Given entries:
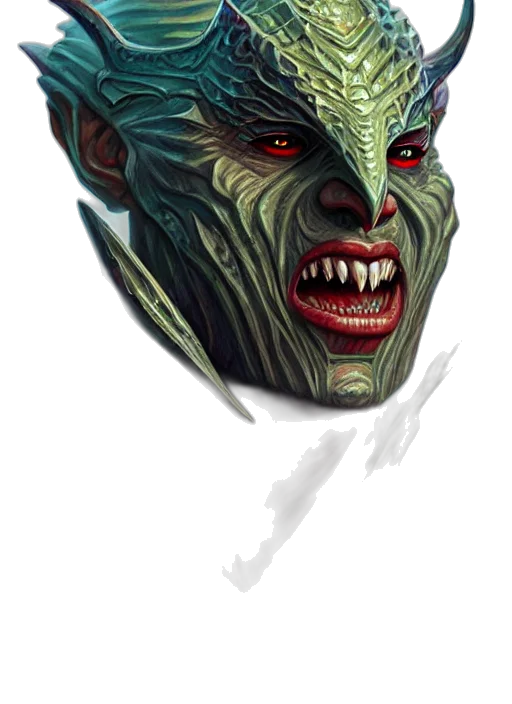 mask, face, creature, staff, concept art, fantasy art, comic book art, photorealistic transparent PNG cut-out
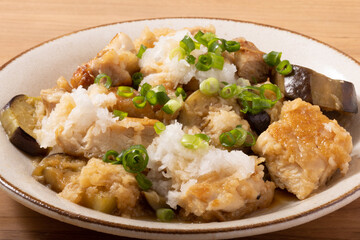 鶏肉とナスのおろしポン酢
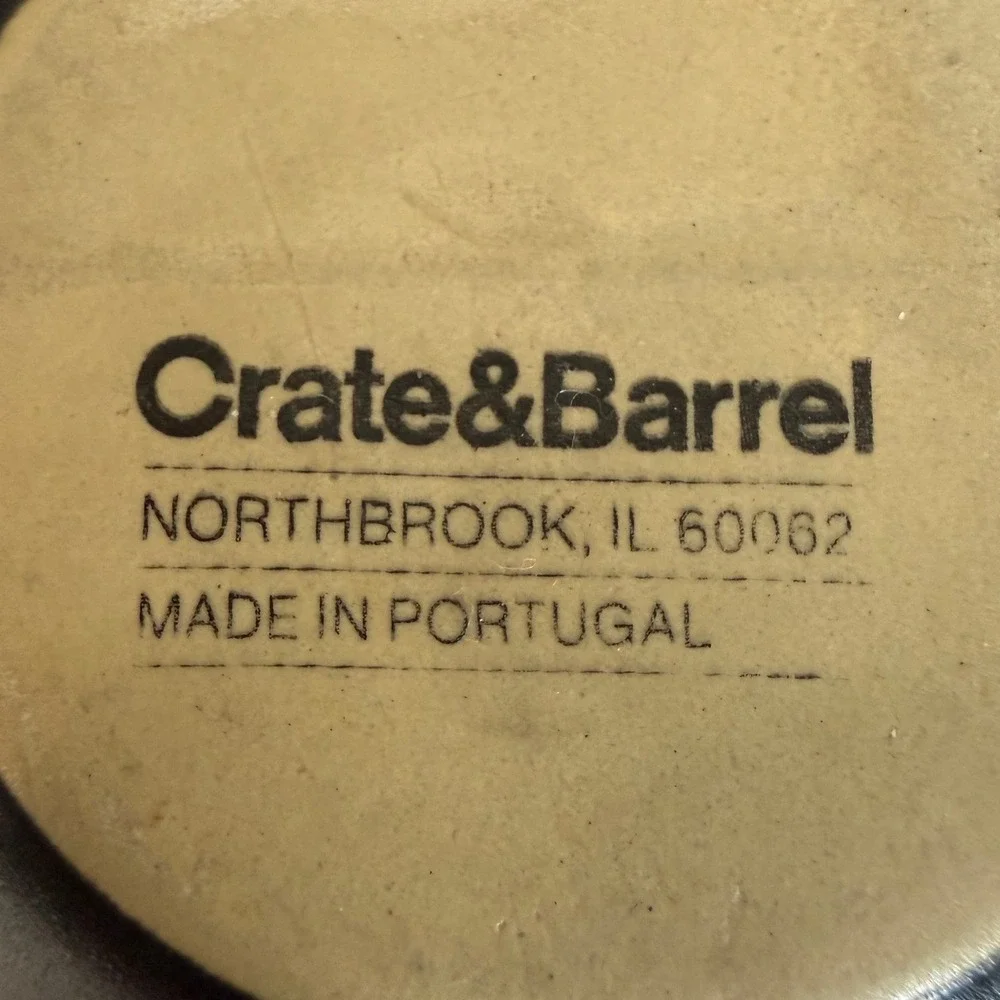 Crate & Barrel‎ Olas Portugal Mug Blue Black Ivory Stoneware Cup Tea Coffee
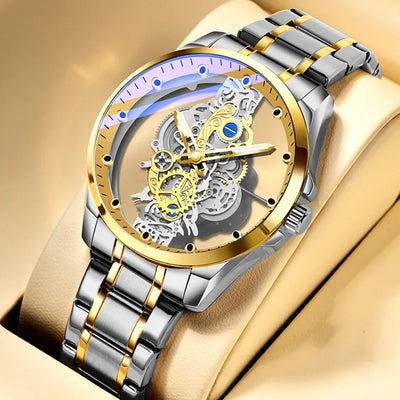 High-end Business Watch for Men's Watch Automatic Double Sided Transparent Hollow Waterproof and Luminous Quartz Watch for Men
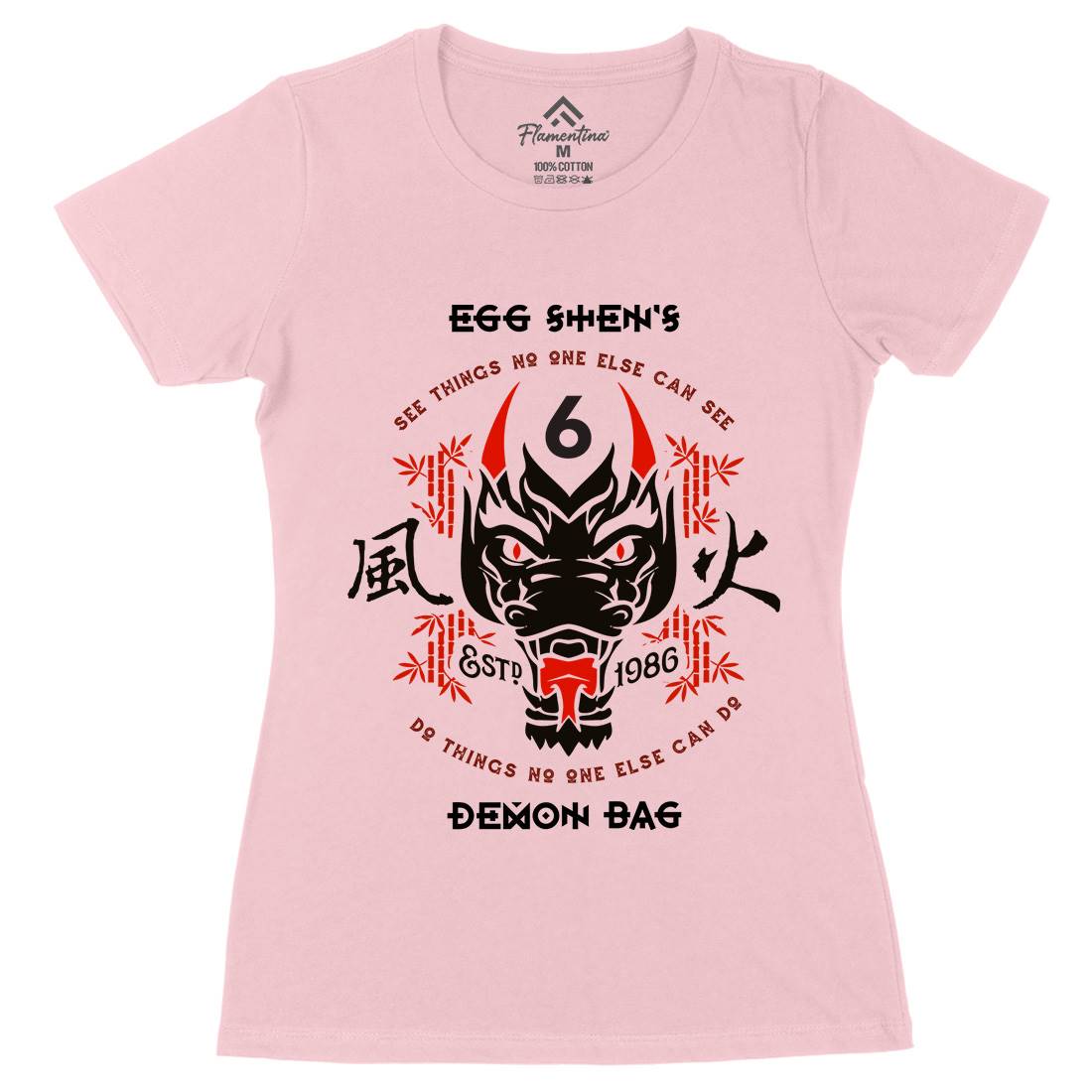 Egg Shens Six Womens Organic Crew Neck T-Shirt Asian D206
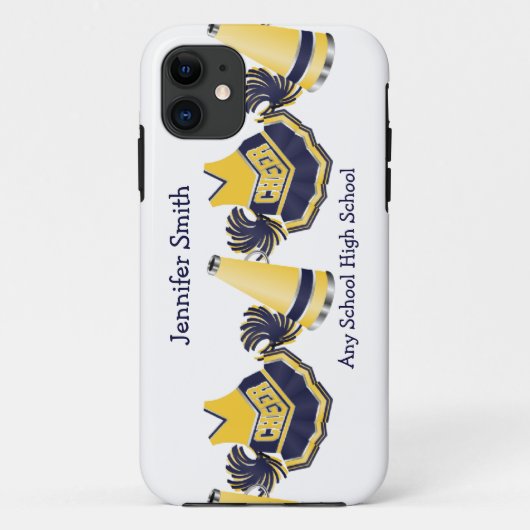 Blue and Yellow Cheerleading iPhone Case (Achterkant)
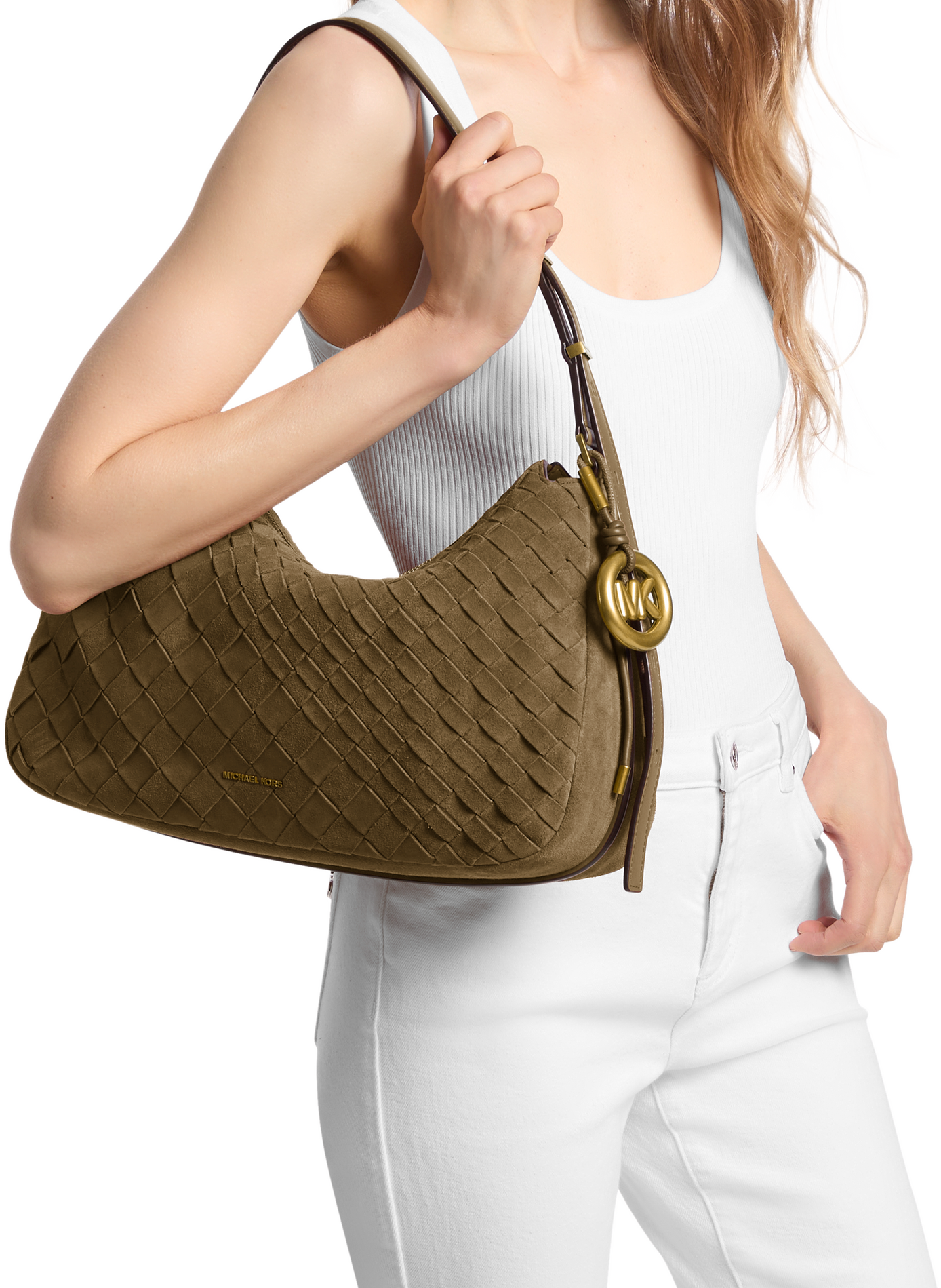 Woven leather shoulder bag MICHAEL KORS Brown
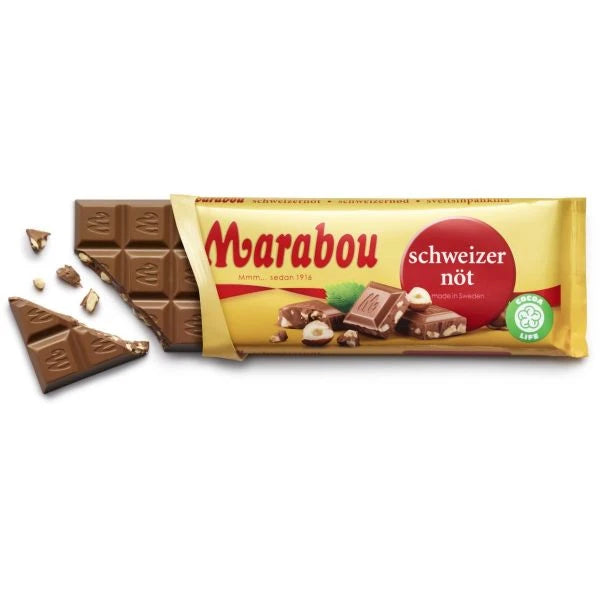 Marabou Schweizernöt – a classic Swedish chocolate bar filled with crunchy hazelnuts coated in smooth milk chocolate.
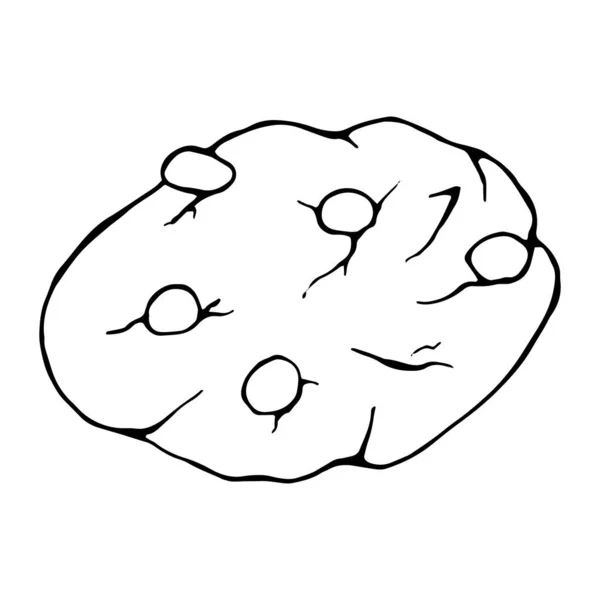 Biscoito de aveia desenhado à mão isolado. Esboço preto e branco. Ilustração vetorial. — Vetor de Stock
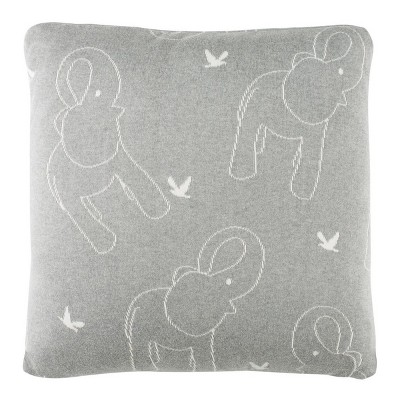 Ella 20" Gray and White Cotton Knit Pillow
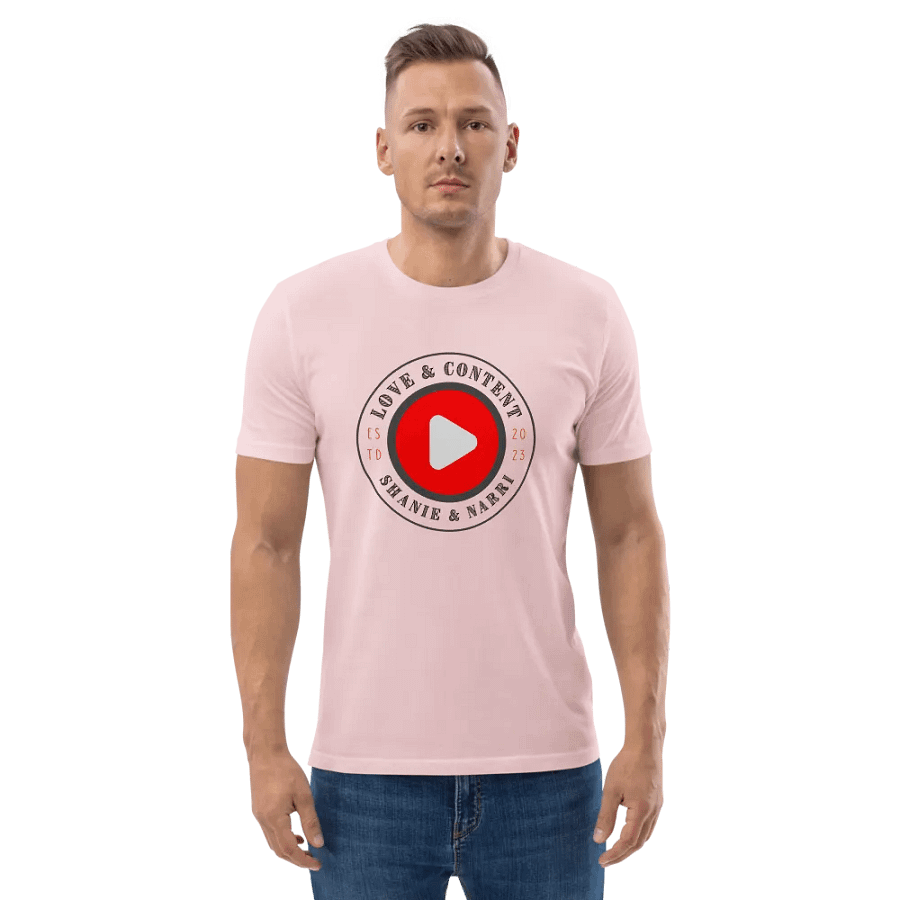 Love & Content Play Button Organic T-Shirt product image (26)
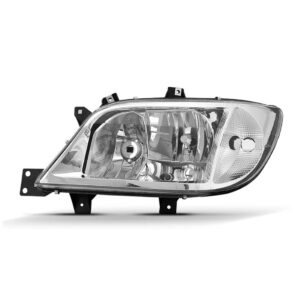 Farol Sprinter 2003 A 2011 Com Auxiliar Liso Mascara Cromada Lado Esquerdo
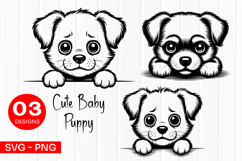 Cute Baby Puppy SVG PNG Product Image 1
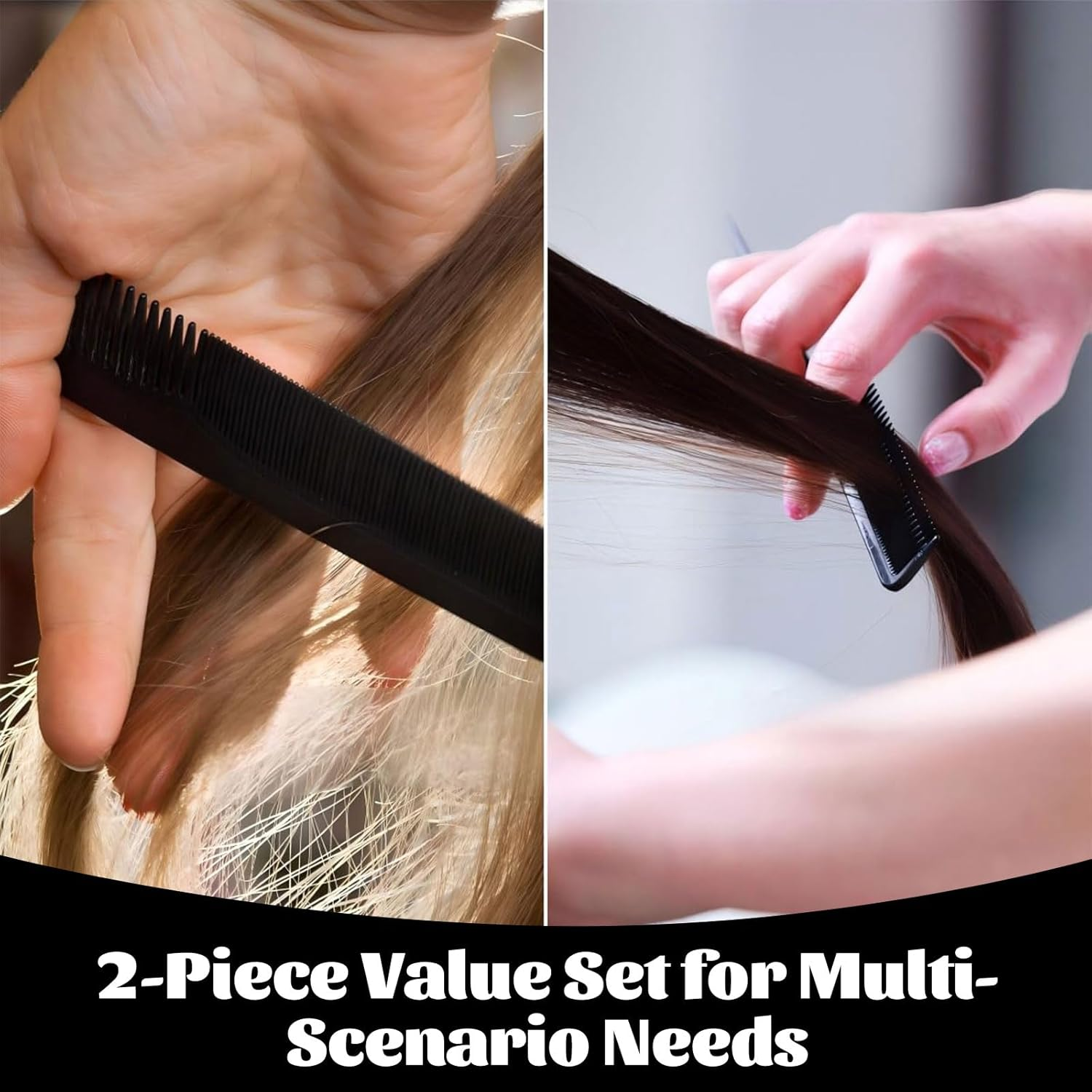 Muorruo 2-Pack Handle Combs/Parting Combs for Braids, Hairdressing Styling Combs Made from Carbon Fibre, Backcombing Comb with Handle for Ladies and Gentlemen, Fine Teeth, Hair Salon Care Tools image number 4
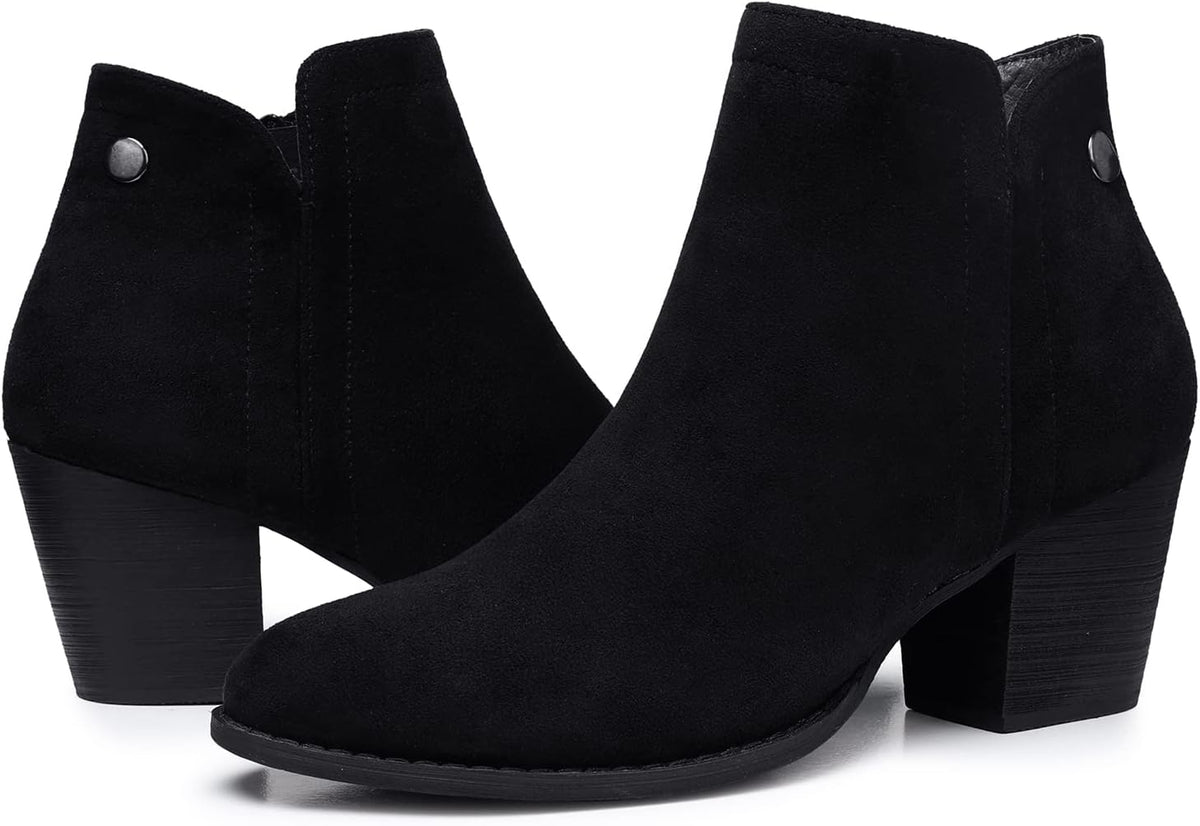 Women's Ankle Boots Heel: Chunky Low Heeled Almond Toe Booties – opposite side view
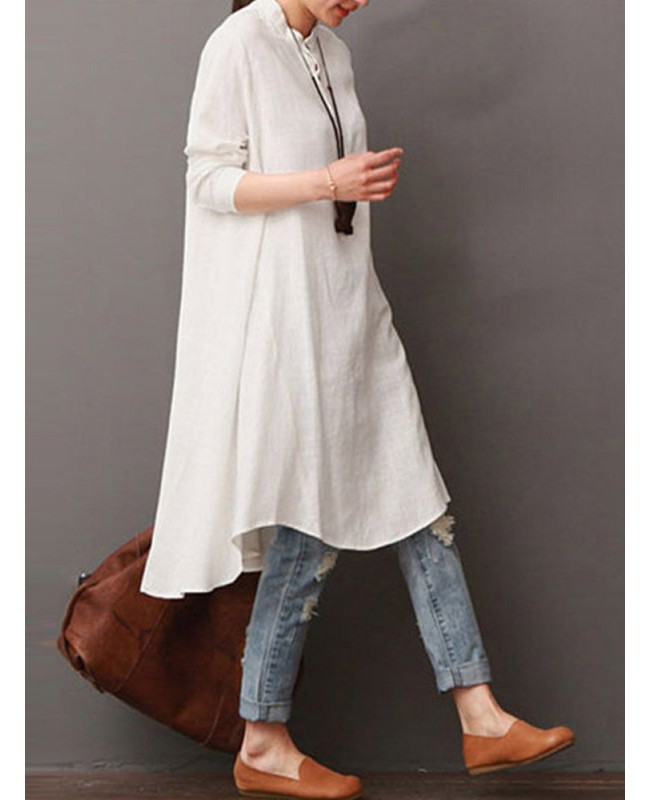 Women Button Down Baggy Blouse Casual Loose Asymmetric Shirt Dress - White M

What you will do: All of the records above are to be printed exactly, with every picture omitted.

Completed task:
 mask, face, creature, staff, concept art, fantasy art, comic book art, photorealistic transparent PNG cut-out
 鶏肉とナスのおろしポン酢
 Crate & Barrel‎ Olas Portugal Mug Blue Black Ivory Stoneware Cup Tea Coffee
 High-end Business Watch for Men's Watch Automatic Double Sided Transparent Hollow Waterproof and Luminous Quartz Watch for Men
 Egg Shens Six Womens Organic Crew Neck T-Shirt Asian D206
 Blue and Yellow Cheerleading iPhone Case (Achterkant)
 Woven leather shoulder bag MICHAEL KORS Brown
 Marabou Schweizernöt – a classic Swedish chocolate bar filled with crunchy hazelnuts coated in smooth milk chocolate.
 Biscoito de aveia desenhado à mão isolado. Esboço preto e branco. Ilustração vetorial. — Vetor de Stock
 Ella 20" Gray and White Cotton Knit Pillow
 Love & Content Play Button Organic T-Shirt product image (26)
 Farol Sprinter 2003 A 2011 Com Auxiliar Liso Mascara Cromada Lado Esquerdo
 Cute Baby Puppy SVG PNG Product Image 1
 Muorruo 2-Pack Handle Combs/Parting Combs for Braids, Hairdressing Styling Combs Made from Carbon Fibre, Backcombing Comb with Handle for Ladies and Gentlemen, Fine Teeth, Hair Salon Care Tools image number 4
 Women's Ankle Boots Heel: Chunky Low Heeled Almond Toe Booties – opposite side view
 Women Button Down Baggy Blouse Casual Loose Asymmetric Shirt Dress - White M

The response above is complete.